Vigo was gasping at Teiriol’s feet, all breath knocked out of him. Teiriol used his boots, heavy leather reinforced with metal and nails going in hard to leave studded prints on Vigo’s shirt, his half-laced breeches, stamping on his hands and ankles, ripping open one cheek with a sweeping kick. The Watchman could only roll and twist in the muck, vainly trying to get away from the torment, curling around a blow in the stomach only to have his back arch in the agony of a boot to the base of his spine.

Rif tried vainly to intervene, one arm dangling uselessly. Jeirran dropped him with one iron hard punch to the short ribs and grabbed Teiriol’s arm. The younger man’s breath was coming quick and harsh through the cloth around his face, his kicks ever harder and more cruel.

“That’s enough. You don’t want to kill him, just make him useless for work. Didn’t your father teach you anything about fighting?”

Teiriol struggled for a reply, gave up, and bent down to spit full in Vigo’s face, now a mask of blood and filth.

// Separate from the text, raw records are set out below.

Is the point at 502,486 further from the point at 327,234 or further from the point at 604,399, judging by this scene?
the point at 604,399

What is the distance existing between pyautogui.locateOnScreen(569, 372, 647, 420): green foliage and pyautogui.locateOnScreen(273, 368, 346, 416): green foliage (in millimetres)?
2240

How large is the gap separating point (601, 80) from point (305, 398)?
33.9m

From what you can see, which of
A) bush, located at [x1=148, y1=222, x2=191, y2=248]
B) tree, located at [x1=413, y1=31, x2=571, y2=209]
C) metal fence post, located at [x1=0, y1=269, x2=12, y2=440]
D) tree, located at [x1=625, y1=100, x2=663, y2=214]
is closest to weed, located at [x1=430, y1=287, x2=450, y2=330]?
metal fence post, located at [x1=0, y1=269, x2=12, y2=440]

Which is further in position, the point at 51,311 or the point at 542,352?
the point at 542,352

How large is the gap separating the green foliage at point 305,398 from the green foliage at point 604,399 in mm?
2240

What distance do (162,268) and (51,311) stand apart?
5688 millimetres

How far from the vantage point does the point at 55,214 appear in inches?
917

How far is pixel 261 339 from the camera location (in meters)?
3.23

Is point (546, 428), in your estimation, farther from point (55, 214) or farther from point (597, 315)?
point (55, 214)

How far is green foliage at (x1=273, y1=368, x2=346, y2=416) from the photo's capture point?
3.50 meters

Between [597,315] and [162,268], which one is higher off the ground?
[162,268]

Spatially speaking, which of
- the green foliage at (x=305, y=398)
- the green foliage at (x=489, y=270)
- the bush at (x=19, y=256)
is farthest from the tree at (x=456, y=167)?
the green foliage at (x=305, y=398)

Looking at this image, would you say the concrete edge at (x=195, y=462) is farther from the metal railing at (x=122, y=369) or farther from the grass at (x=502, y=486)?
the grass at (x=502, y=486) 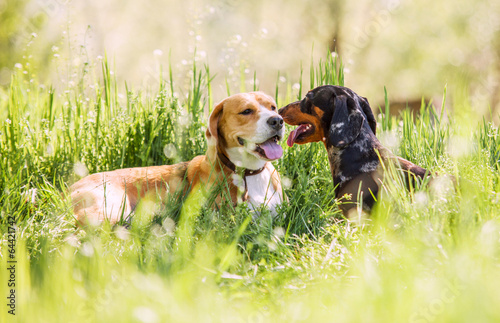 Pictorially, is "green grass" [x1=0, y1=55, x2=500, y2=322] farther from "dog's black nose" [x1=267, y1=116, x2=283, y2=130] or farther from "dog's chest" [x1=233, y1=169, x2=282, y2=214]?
"dog's black nose" [x1=267, y1=116, x2=283, y2=130]

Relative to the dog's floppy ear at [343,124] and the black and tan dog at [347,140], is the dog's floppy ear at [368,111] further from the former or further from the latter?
the dog's floppy ear at [343,124]

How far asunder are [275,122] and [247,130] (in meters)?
0.26

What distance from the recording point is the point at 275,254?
3125 millimetres

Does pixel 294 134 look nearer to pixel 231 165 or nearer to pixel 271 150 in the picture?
pixel 271 150

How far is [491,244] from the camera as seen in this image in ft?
7.98

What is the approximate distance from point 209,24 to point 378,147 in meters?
18.8

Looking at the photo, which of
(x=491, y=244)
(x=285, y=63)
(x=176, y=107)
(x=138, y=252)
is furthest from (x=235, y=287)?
(x=285, y=63)

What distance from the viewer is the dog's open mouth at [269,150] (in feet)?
13.0

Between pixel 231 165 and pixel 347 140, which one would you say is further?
pixel 231 165

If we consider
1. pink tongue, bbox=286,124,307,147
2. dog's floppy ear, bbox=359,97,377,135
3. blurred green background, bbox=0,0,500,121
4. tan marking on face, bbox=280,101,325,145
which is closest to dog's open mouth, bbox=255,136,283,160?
pink tongue, bbox=286,124,307,147

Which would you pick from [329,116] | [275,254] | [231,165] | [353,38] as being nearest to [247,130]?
[231,165]

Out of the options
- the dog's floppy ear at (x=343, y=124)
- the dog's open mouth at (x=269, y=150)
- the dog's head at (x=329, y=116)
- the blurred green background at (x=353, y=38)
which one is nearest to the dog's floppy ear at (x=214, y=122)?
the dog's open mouth at (x=269, y=150)

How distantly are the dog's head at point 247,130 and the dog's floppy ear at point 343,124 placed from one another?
0.44 metres

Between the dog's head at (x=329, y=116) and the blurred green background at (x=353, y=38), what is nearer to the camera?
the dog's head at (x=329, y=116) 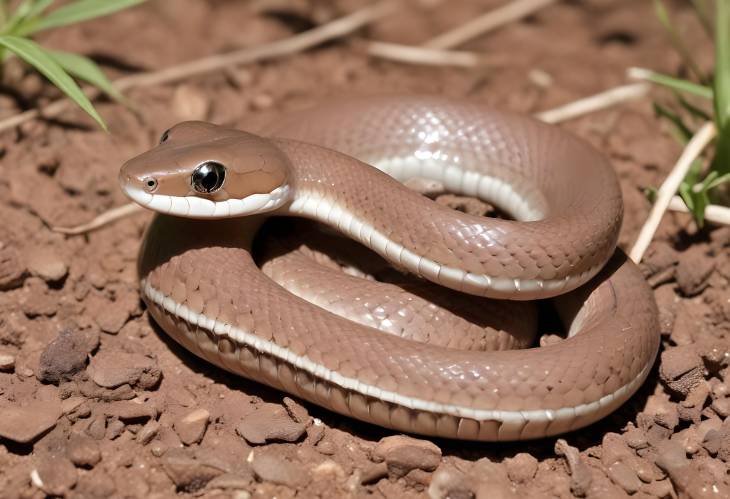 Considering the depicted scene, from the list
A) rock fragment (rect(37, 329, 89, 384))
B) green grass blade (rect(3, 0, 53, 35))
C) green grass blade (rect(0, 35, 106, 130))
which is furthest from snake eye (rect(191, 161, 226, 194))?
green grass blade (rect(3, 0, 53, 35))

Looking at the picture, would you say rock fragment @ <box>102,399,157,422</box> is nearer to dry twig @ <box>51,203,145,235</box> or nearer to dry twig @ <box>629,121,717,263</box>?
dry twig @ <box>51,203,145,235</box>

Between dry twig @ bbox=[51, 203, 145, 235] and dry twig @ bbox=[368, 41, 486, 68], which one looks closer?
dry twig @ bbox=[51, 203, 145, 235]

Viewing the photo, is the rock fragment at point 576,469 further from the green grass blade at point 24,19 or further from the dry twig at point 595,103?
the green grass blade at point 24,19

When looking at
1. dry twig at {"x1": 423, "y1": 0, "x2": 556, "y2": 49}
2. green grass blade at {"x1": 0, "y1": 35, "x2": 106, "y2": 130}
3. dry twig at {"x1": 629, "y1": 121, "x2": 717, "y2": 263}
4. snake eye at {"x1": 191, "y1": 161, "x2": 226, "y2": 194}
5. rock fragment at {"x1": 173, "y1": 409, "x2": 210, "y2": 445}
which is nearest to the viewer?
rock fragment at {"x1": 173, "y1": 409, "x2": 210, "y2": 445}

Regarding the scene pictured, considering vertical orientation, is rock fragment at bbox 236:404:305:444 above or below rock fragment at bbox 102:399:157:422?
below

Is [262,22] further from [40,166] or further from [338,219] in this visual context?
[338,219]

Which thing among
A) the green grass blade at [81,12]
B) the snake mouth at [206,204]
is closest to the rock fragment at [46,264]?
the snake mouth at [206,204] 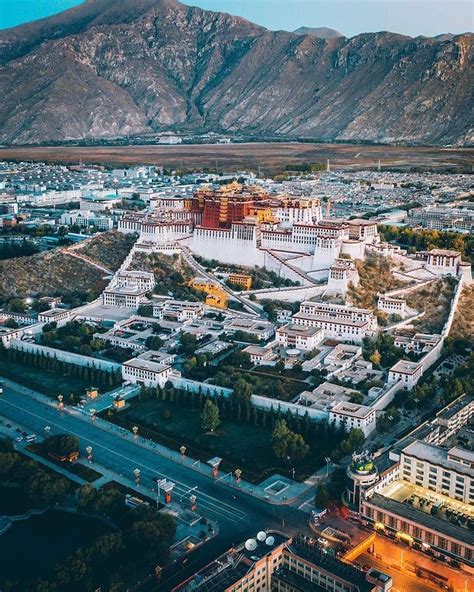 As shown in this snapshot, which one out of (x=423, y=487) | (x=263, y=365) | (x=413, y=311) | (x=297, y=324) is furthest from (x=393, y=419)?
(x=413, y=311)

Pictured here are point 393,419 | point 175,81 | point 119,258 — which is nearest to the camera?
point 393,419

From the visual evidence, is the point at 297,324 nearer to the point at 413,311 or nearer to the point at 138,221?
the point at 413,311

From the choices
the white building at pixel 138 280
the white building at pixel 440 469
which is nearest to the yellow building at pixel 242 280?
the white building at pixel 138 280

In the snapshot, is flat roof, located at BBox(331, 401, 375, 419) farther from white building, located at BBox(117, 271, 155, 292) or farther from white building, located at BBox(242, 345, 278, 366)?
white building, located at BBox(117, 271, 155, 292)

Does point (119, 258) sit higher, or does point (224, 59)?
point (224, 59)

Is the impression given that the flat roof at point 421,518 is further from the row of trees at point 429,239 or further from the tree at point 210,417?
the row of trees at point 429,239

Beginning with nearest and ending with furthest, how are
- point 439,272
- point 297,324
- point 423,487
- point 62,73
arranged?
point 423,487 < point 297,324 < point 439,272 < point 62,73

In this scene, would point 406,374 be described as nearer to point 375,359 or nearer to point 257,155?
point 375,359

Jeirran nodded with satisfaction. Rif was hunched on his knees, choking as he struggled for breath. Neth’s tears thinned the blood dripping down his broken and oozing nose as he slumped in a corner.

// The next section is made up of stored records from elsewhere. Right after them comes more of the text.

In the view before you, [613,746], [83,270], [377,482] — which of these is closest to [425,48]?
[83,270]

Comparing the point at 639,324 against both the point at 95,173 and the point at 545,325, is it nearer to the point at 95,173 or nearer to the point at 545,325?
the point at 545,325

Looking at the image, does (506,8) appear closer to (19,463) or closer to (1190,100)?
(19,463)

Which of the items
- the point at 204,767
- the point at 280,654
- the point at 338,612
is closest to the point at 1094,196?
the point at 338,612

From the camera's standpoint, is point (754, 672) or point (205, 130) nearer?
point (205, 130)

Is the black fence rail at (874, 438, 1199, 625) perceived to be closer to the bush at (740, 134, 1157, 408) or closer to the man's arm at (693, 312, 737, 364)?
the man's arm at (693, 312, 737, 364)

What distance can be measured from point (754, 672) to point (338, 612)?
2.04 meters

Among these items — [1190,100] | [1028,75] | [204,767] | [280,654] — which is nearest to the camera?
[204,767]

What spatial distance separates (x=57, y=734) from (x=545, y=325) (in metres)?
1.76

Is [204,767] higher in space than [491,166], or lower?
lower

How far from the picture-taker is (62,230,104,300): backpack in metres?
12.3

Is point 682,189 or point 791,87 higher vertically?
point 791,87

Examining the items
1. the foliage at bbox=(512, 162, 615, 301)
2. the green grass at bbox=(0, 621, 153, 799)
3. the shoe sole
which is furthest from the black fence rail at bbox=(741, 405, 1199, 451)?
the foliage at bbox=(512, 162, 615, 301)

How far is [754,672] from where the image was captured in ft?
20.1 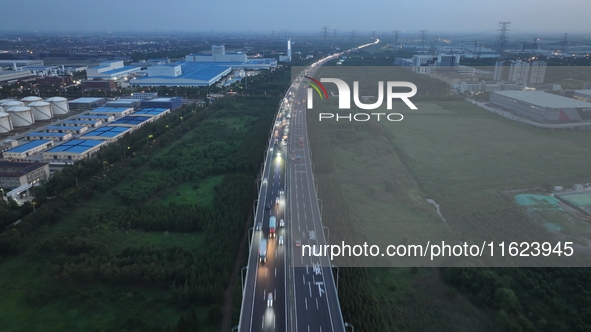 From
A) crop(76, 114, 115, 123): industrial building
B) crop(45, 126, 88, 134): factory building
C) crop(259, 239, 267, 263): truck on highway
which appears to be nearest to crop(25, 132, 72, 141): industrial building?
crop(45, 126, 88, 134): factory building

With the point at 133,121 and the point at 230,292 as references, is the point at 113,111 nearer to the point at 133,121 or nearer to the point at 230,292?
the point at 133,121

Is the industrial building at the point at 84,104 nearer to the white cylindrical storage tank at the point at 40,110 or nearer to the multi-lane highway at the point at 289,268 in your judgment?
the white cylindrical storage tank at the point at 40,110

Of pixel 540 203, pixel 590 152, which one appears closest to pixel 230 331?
pixel 540 203

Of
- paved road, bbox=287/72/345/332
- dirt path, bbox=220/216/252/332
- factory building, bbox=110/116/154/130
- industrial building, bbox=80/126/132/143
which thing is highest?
factory building, bbox=110/116/154/130

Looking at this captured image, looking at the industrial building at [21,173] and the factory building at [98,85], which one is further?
the factory building at [98,85]

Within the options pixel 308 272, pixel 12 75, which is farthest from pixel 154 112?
pixel 12 75

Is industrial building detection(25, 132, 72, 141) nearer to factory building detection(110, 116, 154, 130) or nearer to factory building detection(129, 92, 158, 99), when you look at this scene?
factory building detection(110, 116, 154, 130)

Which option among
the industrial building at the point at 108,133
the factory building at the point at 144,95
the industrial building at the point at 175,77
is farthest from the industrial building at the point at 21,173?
the industrial building at the point at 175,77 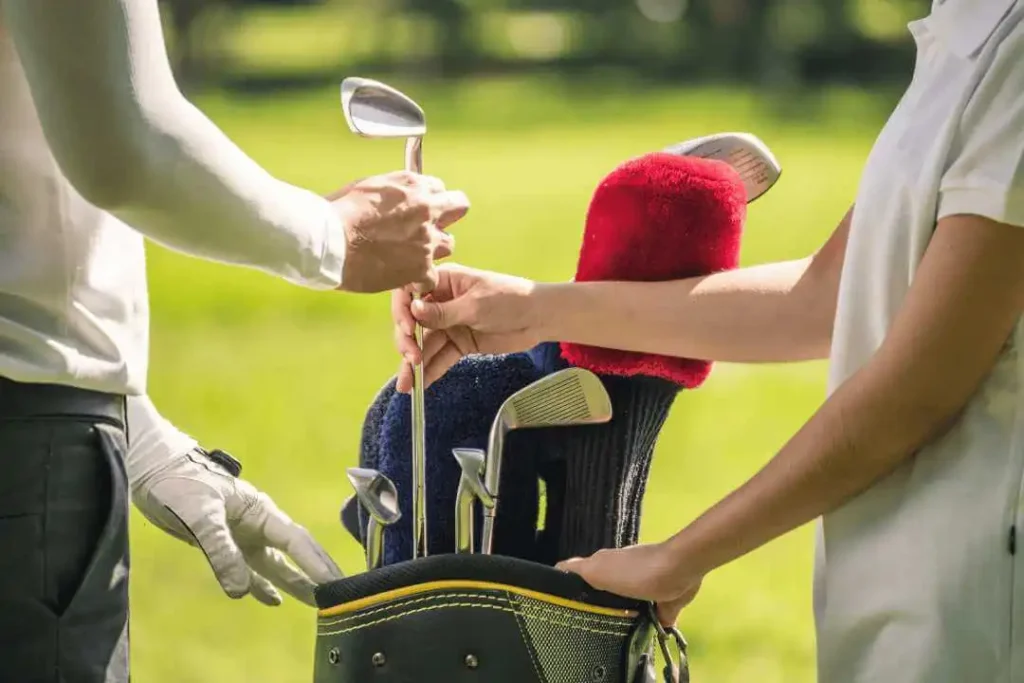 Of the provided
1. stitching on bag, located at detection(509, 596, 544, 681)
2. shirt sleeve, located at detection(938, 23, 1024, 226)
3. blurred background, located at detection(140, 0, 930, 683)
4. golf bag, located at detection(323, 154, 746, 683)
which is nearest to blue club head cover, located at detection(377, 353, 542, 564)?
golf bag, located at detection(323, 154, 746, 683)

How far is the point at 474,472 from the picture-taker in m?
1.47

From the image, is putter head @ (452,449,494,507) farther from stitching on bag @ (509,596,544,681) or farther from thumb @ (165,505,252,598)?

“What about her?” Teiriol gestured at the whore crouched in a terrified huddle of petticoats on a heap of musty hay. Daring warred with distaste in his face and he licked his lips uncertainly.

The girl tried for a smile but could only summon a ghastly grimace, ashen with fear. “You can take your pleasure for free, just don’t hurt me,” she begged, opening her blouse in a parody of seductiveness, hands trembling.

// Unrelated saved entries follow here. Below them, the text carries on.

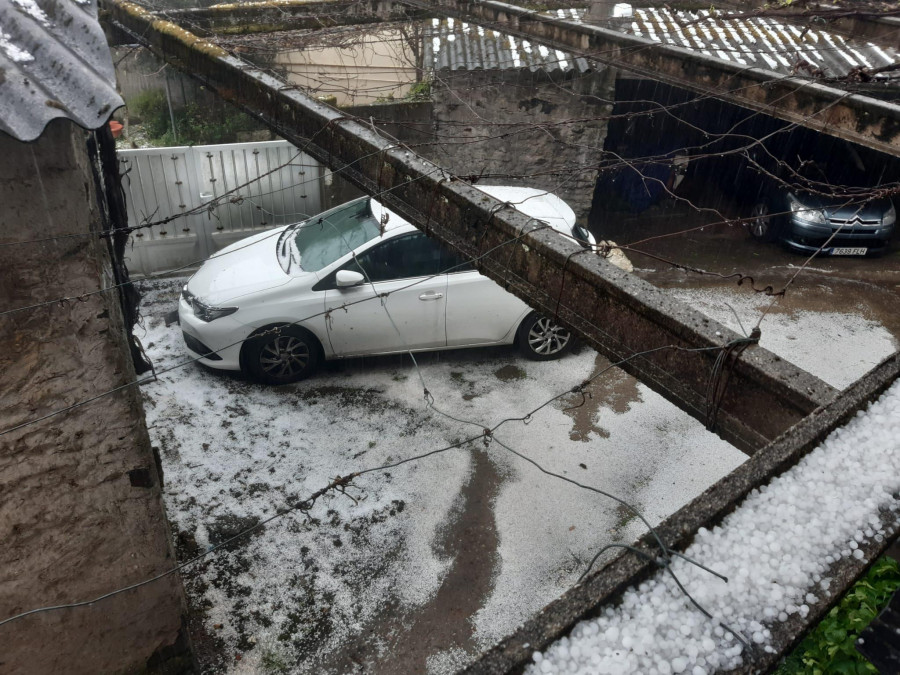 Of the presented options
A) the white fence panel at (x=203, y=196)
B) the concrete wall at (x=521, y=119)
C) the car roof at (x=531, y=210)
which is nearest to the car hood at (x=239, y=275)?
the car roof at (x=531, y=210)

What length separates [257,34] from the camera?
9094 millimetres

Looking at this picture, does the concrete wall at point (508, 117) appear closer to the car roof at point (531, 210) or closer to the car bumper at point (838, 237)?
the car roof at point (531, 210)

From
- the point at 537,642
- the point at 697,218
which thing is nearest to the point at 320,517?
the point at 537,642

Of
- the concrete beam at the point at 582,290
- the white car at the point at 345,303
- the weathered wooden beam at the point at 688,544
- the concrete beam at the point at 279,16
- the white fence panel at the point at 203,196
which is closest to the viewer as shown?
the weathered wooden beam at the point at 688,544

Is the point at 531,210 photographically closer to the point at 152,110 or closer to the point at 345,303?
the point at 345,303

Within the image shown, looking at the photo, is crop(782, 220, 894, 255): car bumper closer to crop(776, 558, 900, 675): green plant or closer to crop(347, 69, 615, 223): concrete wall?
crop(347, 69, 615, 223): concrete wall

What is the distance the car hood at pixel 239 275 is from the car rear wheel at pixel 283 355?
1.67ft

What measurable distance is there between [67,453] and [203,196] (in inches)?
259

Jeirran wrinkled his nose. “I wouldn’t touch a festering trull like you with a stick of firewood!” He picked up his barrel stave and took a menacing step forward. “Or maybe I’ll come and find you, give you some of this, if I find anyone coming after us. You’re the only one to have seen, so you’re the only one can tell tales. You do and I’ll be back to spoil your looks, you hear me?”

The girl whimpered incoherent promises of silence.

“Come on!” Jeirran dragged the stable door open. He shoved Teiriol through then wedged it shut with his stave. Stuffing his stained gloves into a pocket, he put on his cape, securing the front to conceal the blood on his shirt. He looked cautiously out from the mouth of the alley. “We need to get clear and quickly.”

Teiriol caught up his own cape, pausing to splash his boots through water gathered where some cobbles had been dug up. “That should show our man Harquas we mean business,” he observed with satisfaction. “And I can tell Keisyl I’ve settled his debts in full.”

“You’ll say nothing of the kind, not a word to him nor to Eirys,” snapped Jeirran. “Anyway, it was hardly a fight to boast of, was it? They call these Watchmen tough? They wouldn’t last three days in a mining camp!” His eyes rested briefly on the wrestling matches still being hotly contested. “We leave swiftly but calmly and we don’t look back. We came to watch the wrestling, we found nothing to interest us and now we’re going back to our lodgings. That’s what we tell Eirys and Keis and anyone else who comes asking. Do you understand?”

“Of course,” Teiriol couldn’t resist one glance over his shoulder as they left the slaughter yards behind them. “So what now?”

“We clean ourselves up before the others return. We eat whatever that thief of a landlady claims is a four-Mark dinner and then you and Keisyl take yourselves off for whatever entertainment you fancy. Eirys and I deserve a quiet evening in, just the two of us,” announced Jeirran, eyes bright with anticipation. “I think it’s about time she showed me some appreciation.”

Selerima, Western Ensaimin,
Second Day of the Spring Fair, Evening

The runes finally rolled my way when I reached the Crackwillow, a tidily kept eating-house on the corner of the Audit Way. The resonant song of a lute floated out through an open shutter. Childhood recollection stirred to Forest rhythms and I pushed open the door to find a neatly furnished room where respectable worthies were entertaining wives and daughters over sumptuous pastries and expensive wines. It was several breaths before the servitors noticed me, all eyes turned to the minstrel sat by the stairs, his own closed as he lost himself in the melody.